Approximating Spanning Centrality with Random Bouquets
Gökhan Göktürk, Kamer Kaya
TL;DR
This paper tackles the high computational cost of All Edges Spanning Centrality (AESC) by introducing Bouquets, a hash-based, sampling-aware approach that clusters random walks into vectorizable groups and arranges them to maximize data locality. The method combines a hash-based RNG, SIMD-enabled RandomBouquet generation, and SABA to achieve large speedups over the state-of-the-art TGT+—up to ~100× when using multiple cores—while preserving approximation quality. Key contributions include a detailed algorithmic design for bouquet-based random walks, extensive randomness and cache-growth evaluations, and practical implementation choices that yield scalable AESC performance on real graphs and synthetic benchmarks. The work demonstrates that high-throughput, accurate AESC approximation is attainable on commodity CPUs, unlocking broader applicability in network analysis tasks such as resilience and connectivity studies.
Abstract
Spanning Centrality is a measure used in network analysis to determine the importance of an edge in a graph based on its contribution to the connectivity of the entire network. Specifically, it quantifies how critical an edge is in terms of the number of spanning trees that include that edge. The current state-of-the-art for All Edges Spanning Centrality~(AESC), which computes the exact centrality values for all the edges, has a time complexity of $\mathcal{O}(mn^{3/2})$ for $n$ vertices and $m$ edges.
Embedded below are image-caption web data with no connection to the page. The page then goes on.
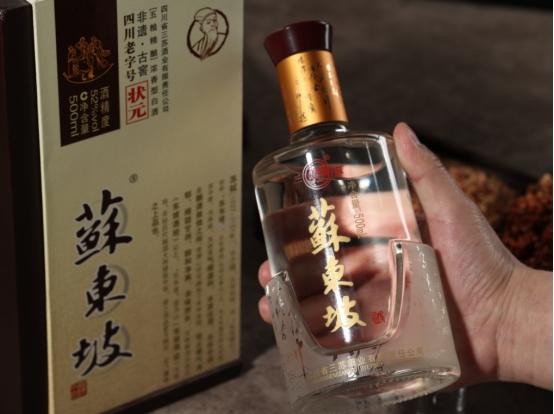 白酒瓶有这“2行数字”，别管价格高低，100%酒精酒，弄懂不吃亏-白酒瓶标签上的数字代表什么内容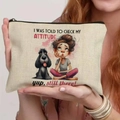 Detailed macro view of a canvas makeup bag featuring a girl and dog illustration - 21.5x15cm / Girl and Dog (THZB18-25)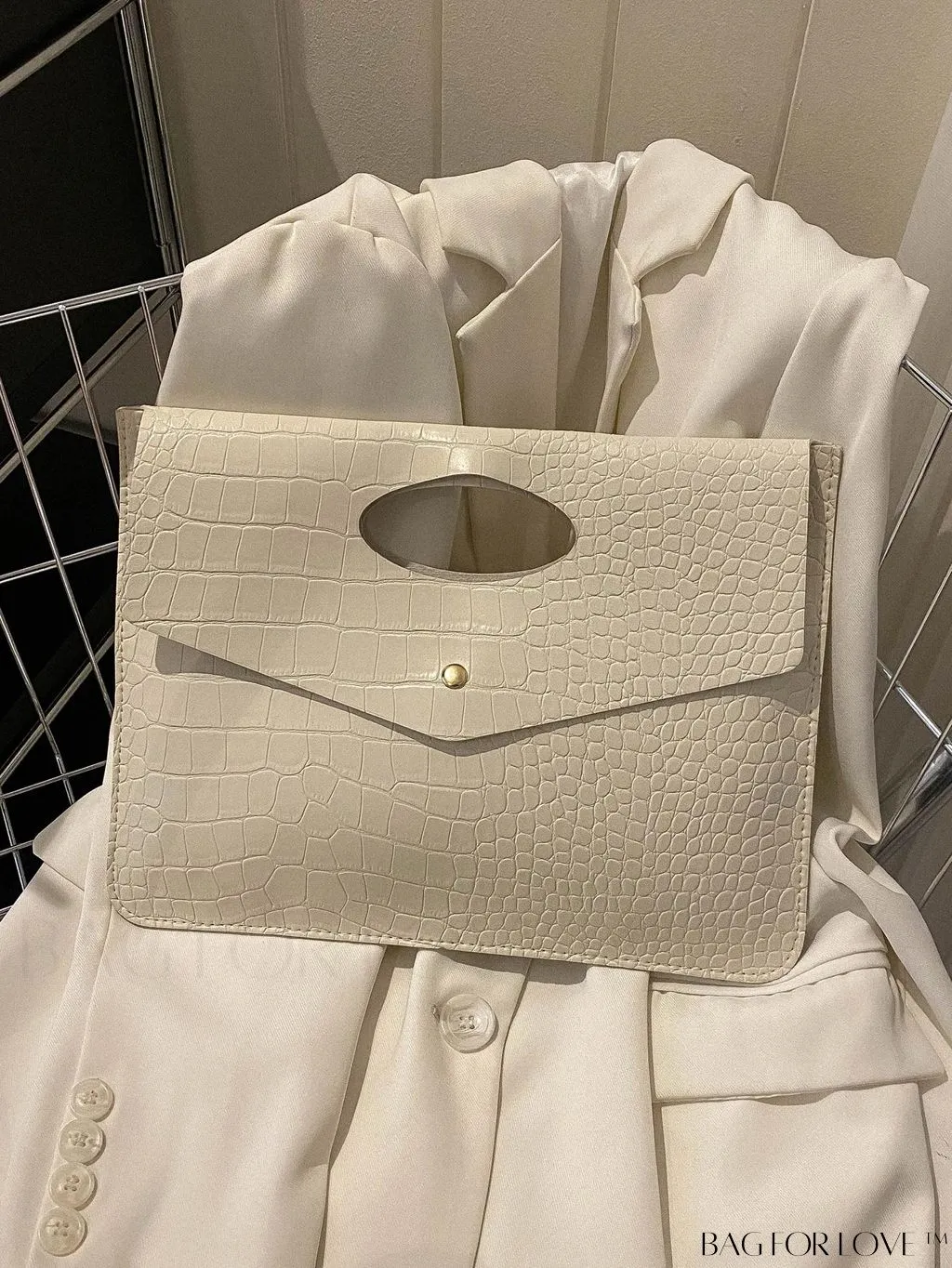 BagForLove - Elegant Crocodile Embossed White Flap PU Envelope Bag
This makes the computation infeasible even for moderately sized graphs. Instead, there exist approximation algorithms which process a large number of random walks to estimate edge centralities. However, even the approximation algorithms can be computationally overwhelming, especially if the approximation error bound is small. In this work, we propose a novel, hash-based sampling method and a vectorized algorithm which greatly improves the execution time by clustering random walks into {\it Bouquets}. On synthetic random walk benchmarks, {\it Bouquets} performs $7.8\times$ faster compared to naive, traditional random-walk generation. We also show that the proposed technique is scalable by employing it within a state-of-the-art AESC approximation algorithm, {\sc TGT+}. The experiments show that using Bouquets yields more than $100\times$ speed-up via parallelization with 16 threads.